Amid growing impatience in sections of the church which has not yet made clear whether it accepts the controversial civil partnership, three weeks after the News Letter revealed the move, there are emerging warnings that if the church does not act evangelicals may find their own bishops.
In separate statements, the Rev Neville Hughes from the rural parishes of Mullabrack and Kilcluney near Markethill and the Rev Alan McCann of the urban parish of Woodburn in Carrickfergus rejected the primate of all Ireland’s call to halt discussion about the Rev Tom Gordon’s civil partnership.
On Tuesday the archbishop read a statement to the church’s influential standing committee appealing for space to allow the bishops to decide a way forward.
He asked the committee to “curtail” discussion of the partnership, and added: “In many parts of the church, the matter is seen as controversial. In such a situation it is important that great care be taken in anything that may be said.”
However, amid claims from both supporters and opponents of gay Anglican clergy that there has been a lack of leadership on the issue, there is growing evidence that at least some in the church are not prepared to wait for the bishops — who are divided on the issue — to agree a way forward.

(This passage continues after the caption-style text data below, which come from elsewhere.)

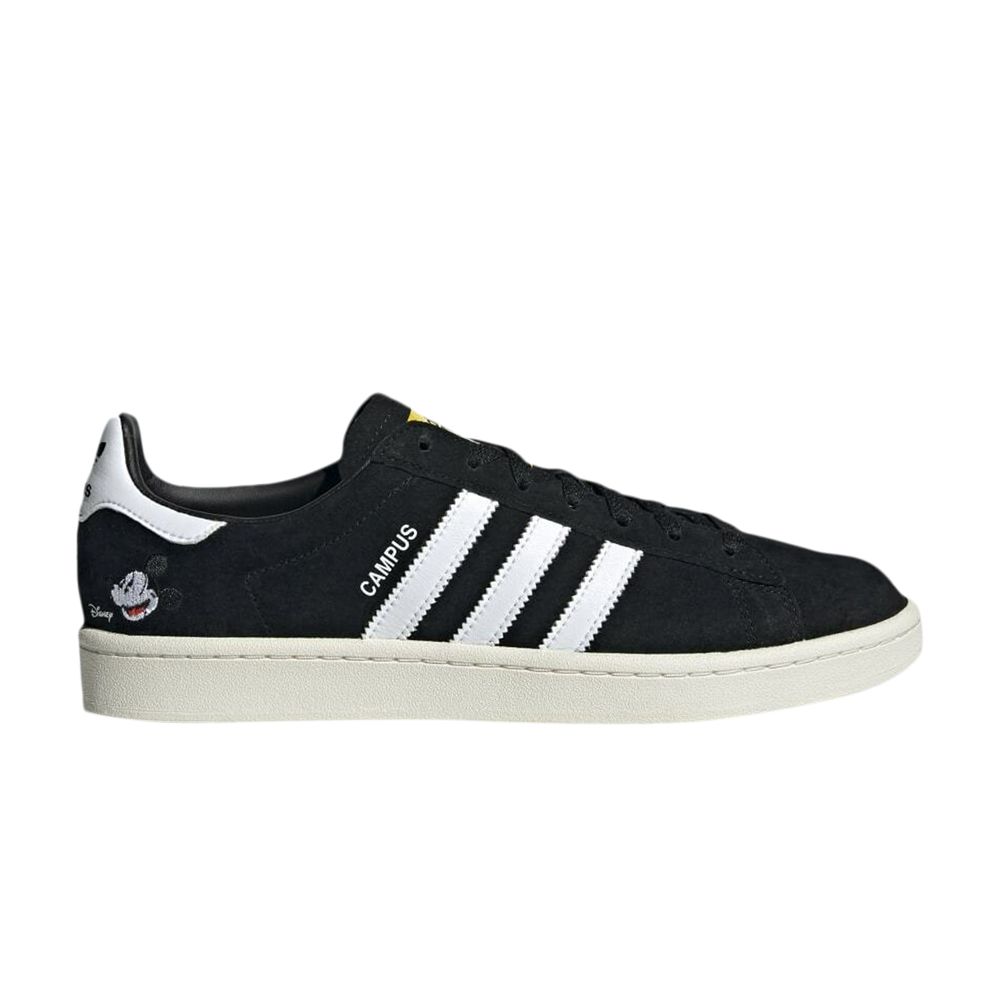 adidas Disney x Campus 'Mickey Mouse' | Black | Men's Size 11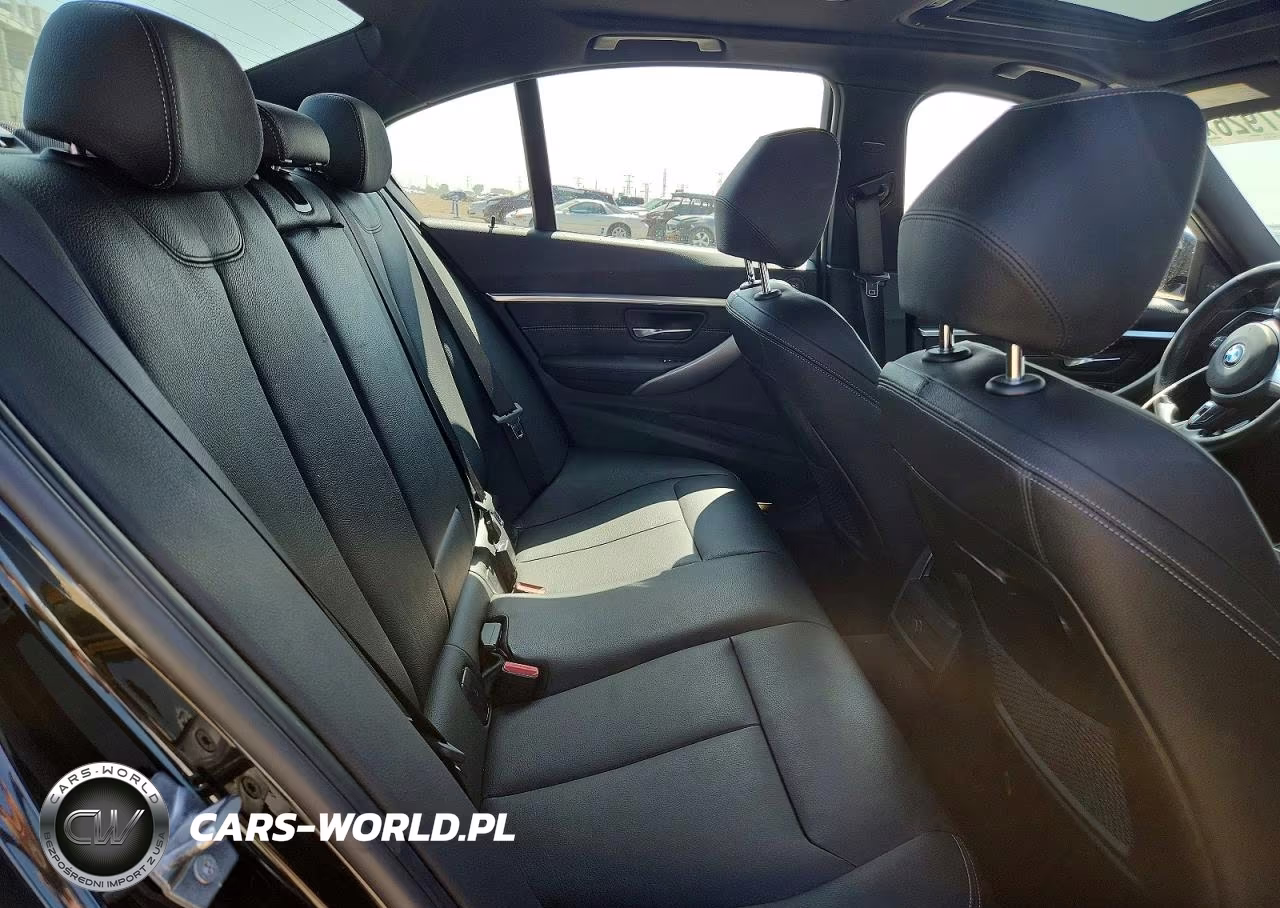 2018 BMW 340 Xi VIN:WBA8B7C58JA586310 - 11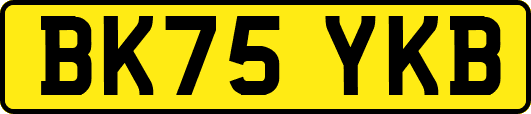 BK75YKB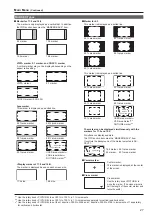 Preview for 27 page of Panasonic BT-4LH310P Operating Instructions Manual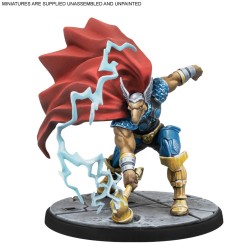 MARVEL: CRISIS PROTOCOL - BETA RAY BILL & ULIK 2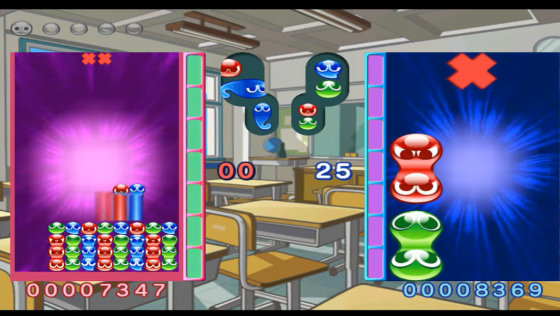 Puyo Puyo 7 Screenshot 21 (Nintendo Wii (JP Version))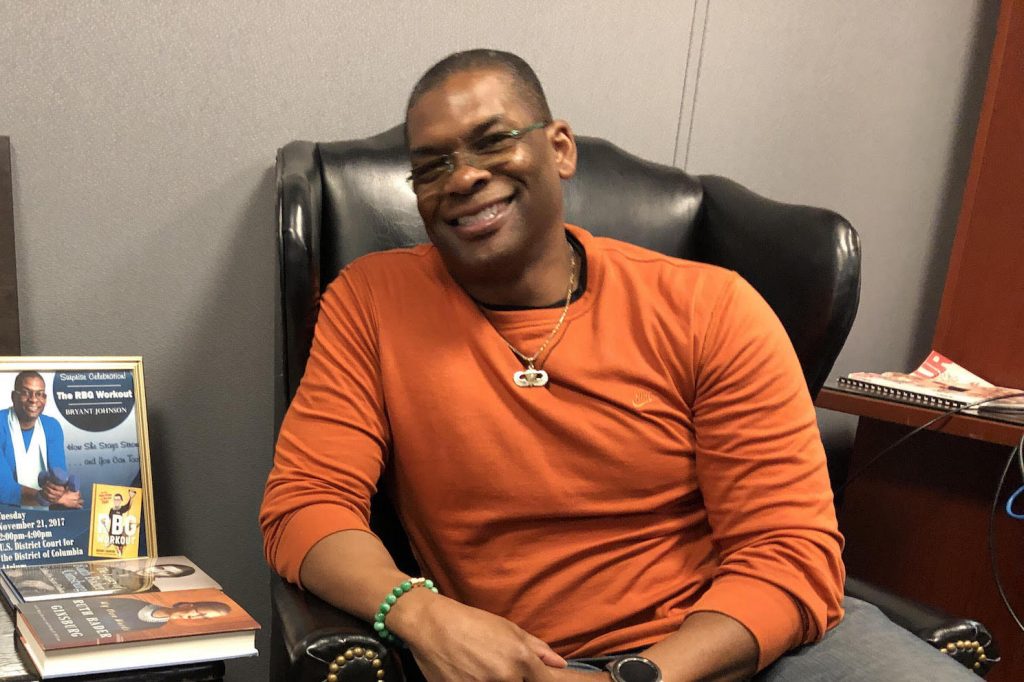 Bryant Johnson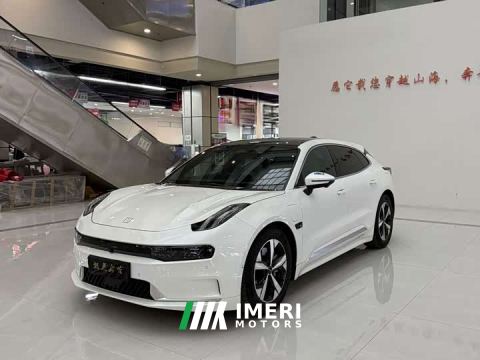2023 Zeekr 001 WE Edition 86kWh - ავტომობილი ჩინეთიდან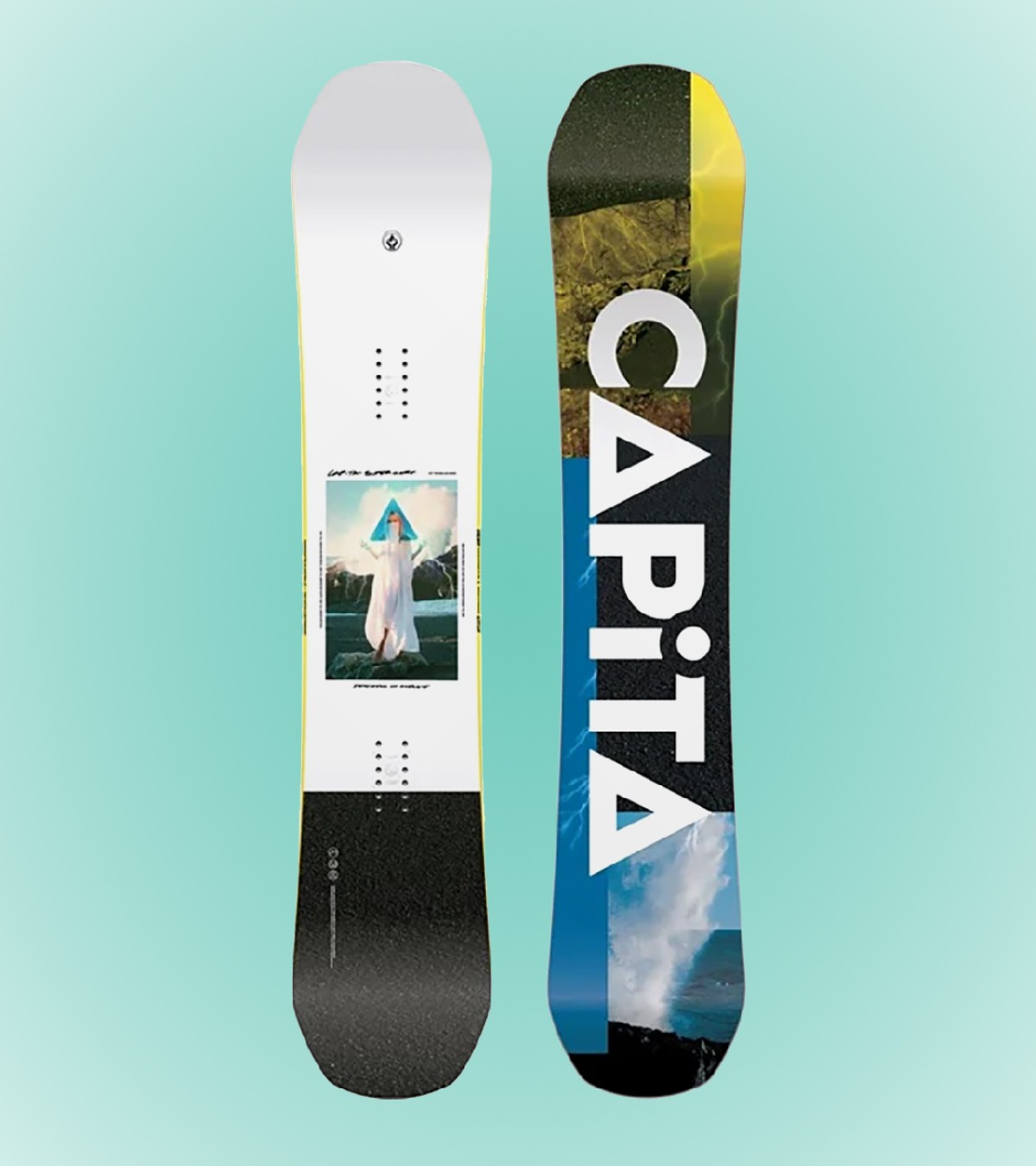 160+ cm wide Snowboards | SHOP NOW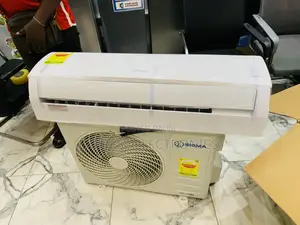 Text Us for Your White Split R410 Gas 2.0hp Sigma
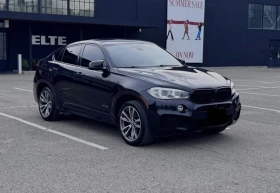 BMW X6 35I * M ПАКЕТ * ОБДУХВАНЕ * HUD * SOFT CLOSE * , снимка 2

The Rev McCann warned that some evangelical members of the Church of Ireland may follow their US counterparts who refused to accept their own bishops’ authority and appointed other bishops, some of them from outside the country, if the church accepts the Rev Gordon’s same-sex union.
The rector of Holy Trinity Church, who stressed that he was speaking in a purely personal capacity, told the News Letter: “Where do we go if they bring a fudge that we cannot support before general synod? Do we look outside of Ireland for episcopal oversight?
“Should we now be looking at the creation of an Anglican Mission in Ireland? The answer to these questions is probably that we may have no choice and have to look elsewhere for bishops to conduct confirmations, etc.
“Personally I cannot accept the oversight of a bishop who is not orthodox on this issue.
“My fear is that they will do what they have done in the past — kick it into touch by outlining their various viewpoints and we will be left not knowing who on the bench of bishops believes what. That is not acceptable this time.”
He also called for Dean Gordon to have his ministerial licence removed, arguing that he had “conducted himself in a manner unbecoming a clerk in holy orders” and that Bishop Michael Burrows, who approved of the partnership but has declined to comment publicly on it, should “at the very least be censured for his lack of episcopal oversight and discipline in this matter”.
Dean Gordon, however, said this week: “It’s not an issue in my parish, and isn’t mentioned here. All that I am saying is that I am enjoying my work.”
But the Rev Hughes, who began his clerical career in St Mark’s in Portadown, where Dean Gordon sang in the choir before moving south some 30 years ago, told the Portadown Times: “Burying our heads in the sand and hoping that by remaining silent, this will go away is not an option. Parishioners want to know the mind of their church now, especially in the light of the prime minister’s announcement that gay marriage is to be made legal in 2015.”
He added: “I can fully appreciate that Archbishop Alan Harper wants the bishops to discuss the issue, but we want to know the minds of our leaders now.”
His comments follow a hard-hitting statement he read from the pulpit of both his churches on Sunday in which he said that he could “fully understand members of our parishes asking ‘What is happening to our Church?’ This (the civil partnership) is not what we believe, not what our church teaches us”.
The Rev Alan McCann, who criticised Dean Gordon’s partnership after it was revealed by this newspaper, said that the “orthodox majority” in the denomination had not changed and therefore the onus was on those who accepted same-sex unions “to persuade Christendom that it has been wrong for 2,000 years on this issue”.
Speaking of the archbishop’s appeal to “curtail discussion” on the issue until the bishops meet, he asked: “Where does this actually sit in the listening process? It is obvious that Dean Gordon and Bishop Burrows did not listen to the Church of Ireland.”
He added: “Why are the bishops discussing this in secret? They appeal for openness in every other area of life. Why are they going into the shadows to discuss this?”
The Rev McCann said that the “orthodox biblical view on human sexuality is demonised, marginalised and despised, even by some in leadership within the church”.